#### TASK REQUIREMENTS
From the records below, find each line with the string "Photo" and copy it.

--------------------------------

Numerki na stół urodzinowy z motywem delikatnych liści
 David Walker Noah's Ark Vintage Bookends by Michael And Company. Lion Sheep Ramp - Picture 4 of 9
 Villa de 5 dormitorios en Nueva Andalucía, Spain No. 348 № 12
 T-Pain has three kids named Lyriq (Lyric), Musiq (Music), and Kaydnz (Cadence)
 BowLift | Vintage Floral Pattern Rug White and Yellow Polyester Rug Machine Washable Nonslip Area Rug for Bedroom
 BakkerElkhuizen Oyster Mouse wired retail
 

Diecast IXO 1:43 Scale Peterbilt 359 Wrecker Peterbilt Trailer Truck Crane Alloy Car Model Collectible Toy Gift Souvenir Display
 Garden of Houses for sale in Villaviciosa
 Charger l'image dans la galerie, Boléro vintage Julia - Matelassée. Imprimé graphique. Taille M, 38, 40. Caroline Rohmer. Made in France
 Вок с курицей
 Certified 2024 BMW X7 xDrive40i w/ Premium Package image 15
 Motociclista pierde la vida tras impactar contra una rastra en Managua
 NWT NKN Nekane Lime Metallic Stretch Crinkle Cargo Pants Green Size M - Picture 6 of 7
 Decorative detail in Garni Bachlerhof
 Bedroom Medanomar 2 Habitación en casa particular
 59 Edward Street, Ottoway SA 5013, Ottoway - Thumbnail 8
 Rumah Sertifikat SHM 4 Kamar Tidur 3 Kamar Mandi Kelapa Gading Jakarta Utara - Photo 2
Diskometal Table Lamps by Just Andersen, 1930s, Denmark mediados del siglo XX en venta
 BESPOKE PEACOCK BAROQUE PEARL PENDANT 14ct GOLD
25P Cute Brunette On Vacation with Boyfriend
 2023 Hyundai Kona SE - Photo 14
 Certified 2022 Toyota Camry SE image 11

--------------------------------

#### RESULT OF THE TASK
 Rumah Sertifikat SHM 4 Kamar Tidur 3 Kamar Mandi Kelapa Gading Jakarta Utara - Photo 2
 2023 Hyundai Kona SE - Photo 14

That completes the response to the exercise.